Dear Redump team,
I recently got into emulation and found myself having huge amounts of roms and many duplicates in different langues for example:
- 2 Games in 1 - Disney-Pixar Les Indestructibles + Disney-Pixar Le Monde de Nemo (France) (Disc 1) (Les Indestructibles)
- 2 Games in 1 - Disney-Pixar Die Unglaublichen + Disney-Pixar Findet Nemo (Germany) (Disc 1)
Since my profession is in developing automation tools.

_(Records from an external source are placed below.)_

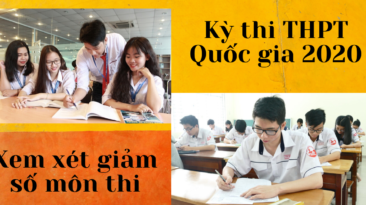 Kỳ thi THPT Quốc gia 2020: Xem xét giảm số môn thi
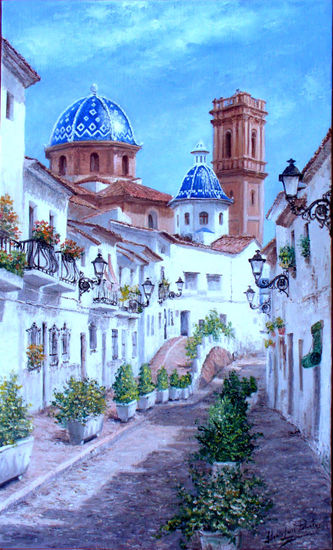 Calle de San Miguel - Altea 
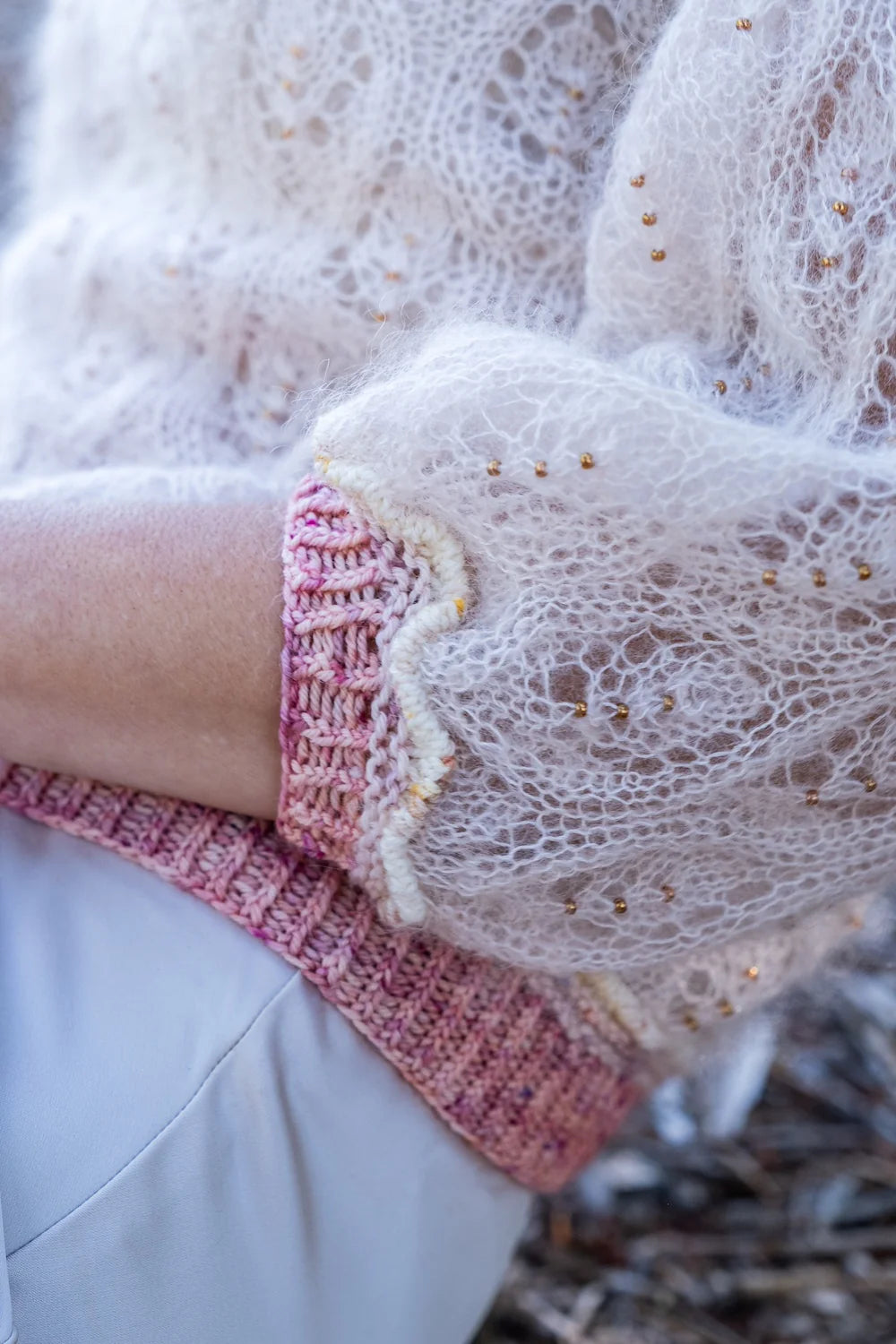 Shine! Knitting with Beads, by Pope Vergara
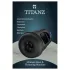 Titanz Ultimate Heat & Thrusting - automata lökő maszturbátor (fekete)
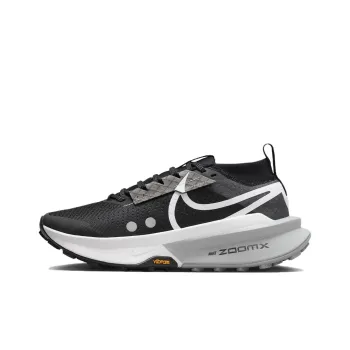 Nike ZoomX Zegama 2 Black Wolf Grey Anthracite White Women's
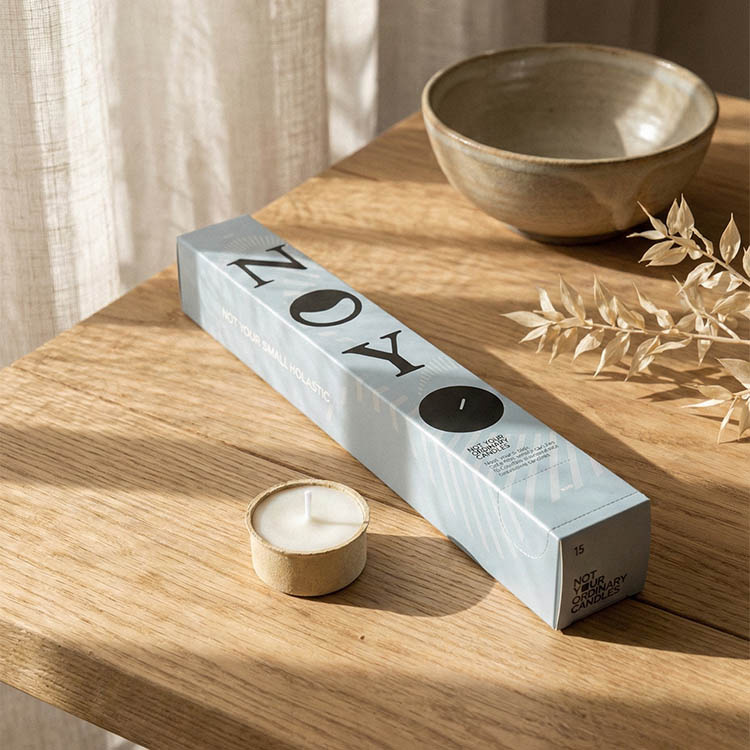 Miljøvenlige fyrfadslys, 15-pak i gruppen Belysning / Lysestager og tilbehør hos SmartaSaker.se (14702)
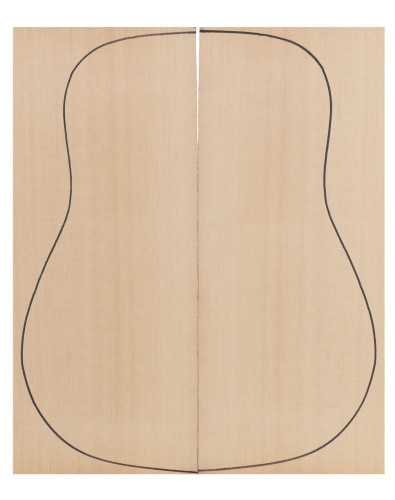 sitka spruce soundboard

I wanted to automat that process of sorting and verifiying.
I got already so far to use ur's and No-Intros Dat Files for hash verification on large scale (15k+) in an 'short' time.
That allows validating releases there also is a filter in my tool to filter based on region, language and release type.
However with the duplicate detection I ran into issues since, If I'd nativley compare all serials against each other it would require to use external tools (not prefered) as the language I choose to develop in doesnt nativley support for example rvz files.
Therefore I did push that idea for now to the side then I saw you had serials on your page which would allow to identify releases as far as I could tell, those I couldn't find an offline list from. (Therefore reaching out) Since I did not want to scrape your side via html requests, seemed not so nice.
The other solution I found but seems more unreliable is to use a language index I've build from Wikidata for most common systems with language translations. However that is not as reliable as having serials.
Since my matching currently is solid, roms map to hashes those hashes than map to your dat files reliabley and those would match either to serials which allow duplicate detection despite different names and then one could decide based on preference what to keep identified by naming scheme French or Englisch or whatever. But Mapping Rom Names to Wikidata via their names seems less confident.
Which would not want to sort manually, if one had such many roms.
So since I'm not so well knowledged into all the rom stuff and there seem to be many exception maybe you guys could give me some insight on how to identify such duplicates as mentioned above reliably. Would appreciate any help or direction you could point me to.
Best Regards
CA